Exercise requirements
Beginning with the line that holds "MAISON ENTRE LA FERTE SOUS JOUARRE ET MEAUX" and finishing with the line that holds "int-jou-uic-b10-3", repeat the listing exactly, leaving every picture out.

==== Material provided

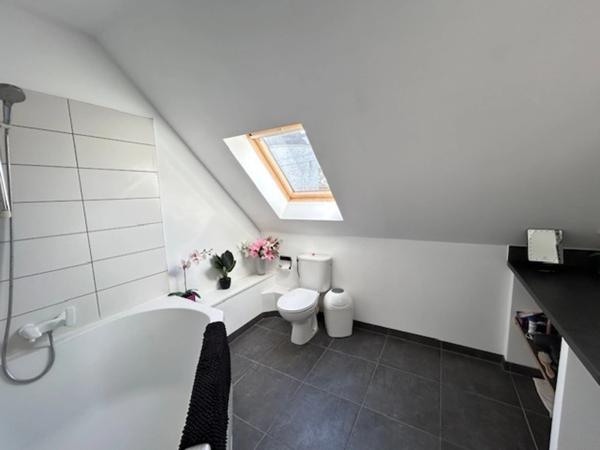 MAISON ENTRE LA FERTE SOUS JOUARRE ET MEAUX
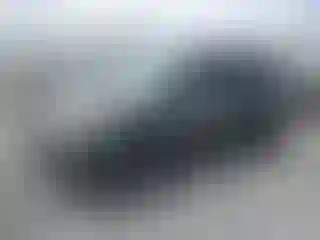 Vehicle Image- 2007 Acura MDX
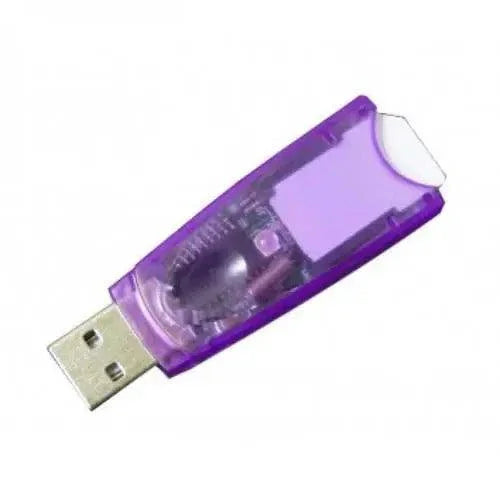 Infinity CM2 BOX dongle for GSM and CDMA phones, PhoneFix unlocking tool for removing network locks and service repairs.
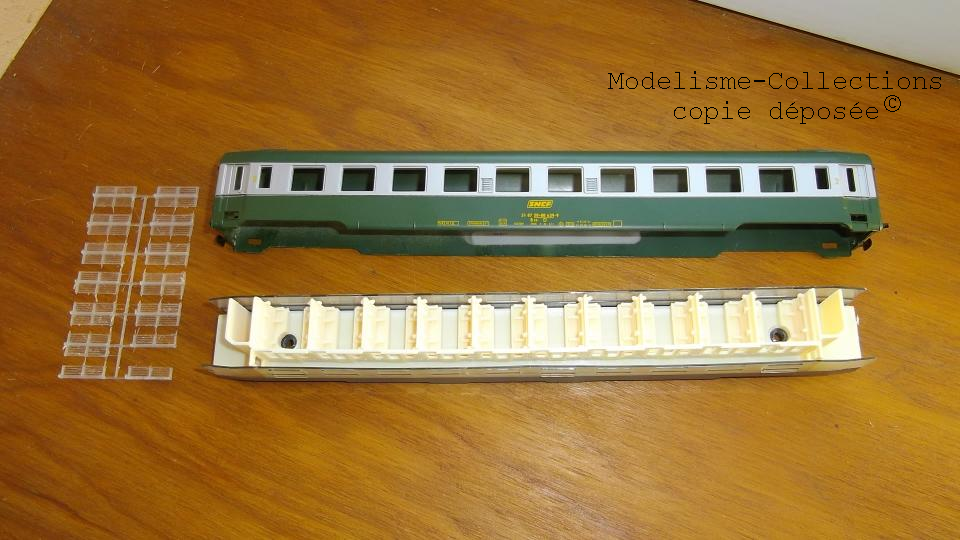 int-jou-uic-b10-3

========
==== Material provided

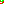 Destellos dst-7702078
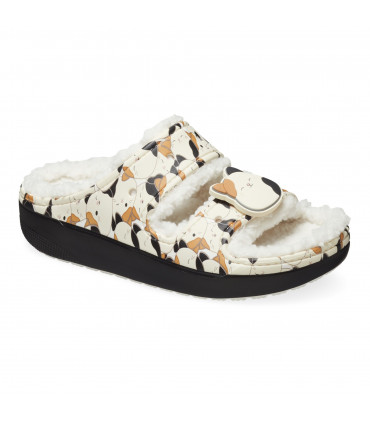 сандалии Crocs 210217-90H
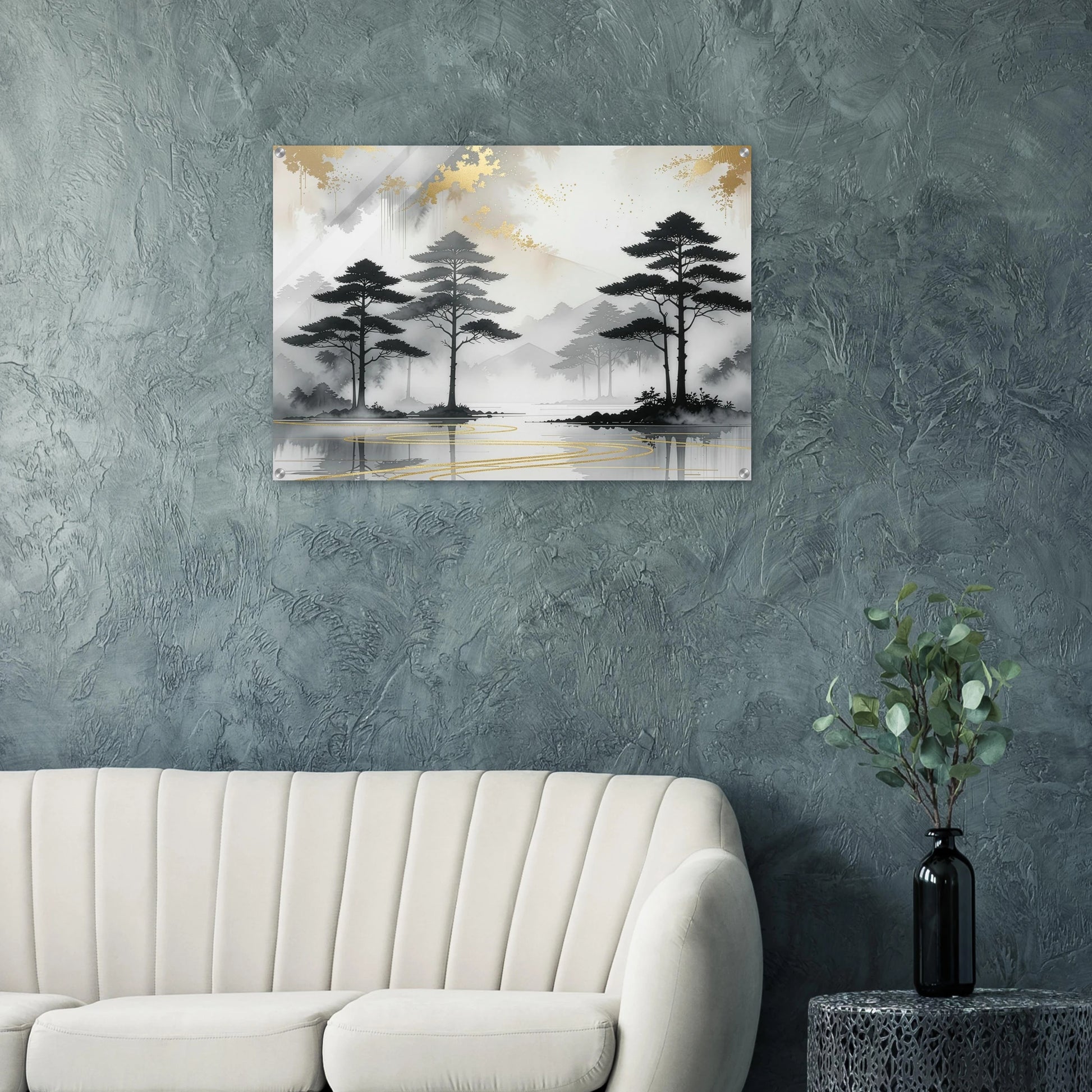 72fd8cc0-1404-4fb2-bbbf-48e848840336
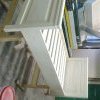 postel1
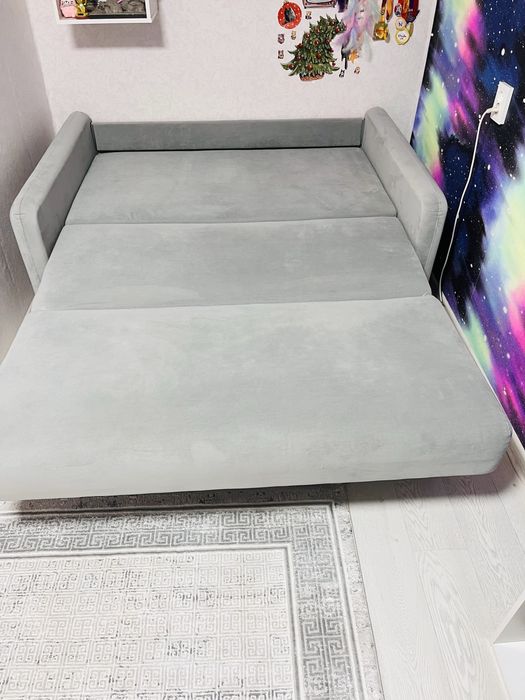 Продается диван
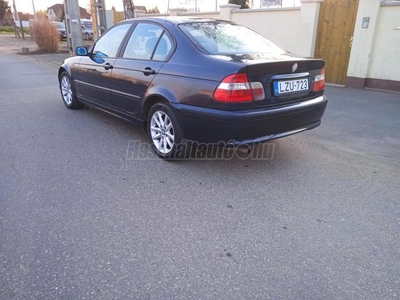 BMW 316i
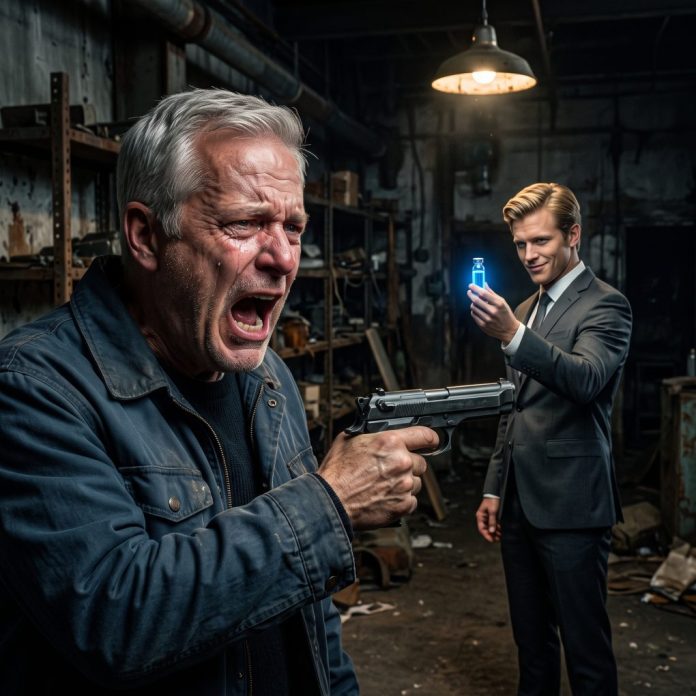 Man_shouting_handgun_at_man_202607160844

========

Answer for this exercise
 MAISON ENTRE LA FERTE SOUS JOUARRE ET MEAUX
 Vehicle Image- 2007 Acura MDX
 Infinity CM2 BOX dongle for GSM and CDMA phones, PhoneFix unlocking tool for removing network locks and service repairs.
 int-jou-uic-b10-3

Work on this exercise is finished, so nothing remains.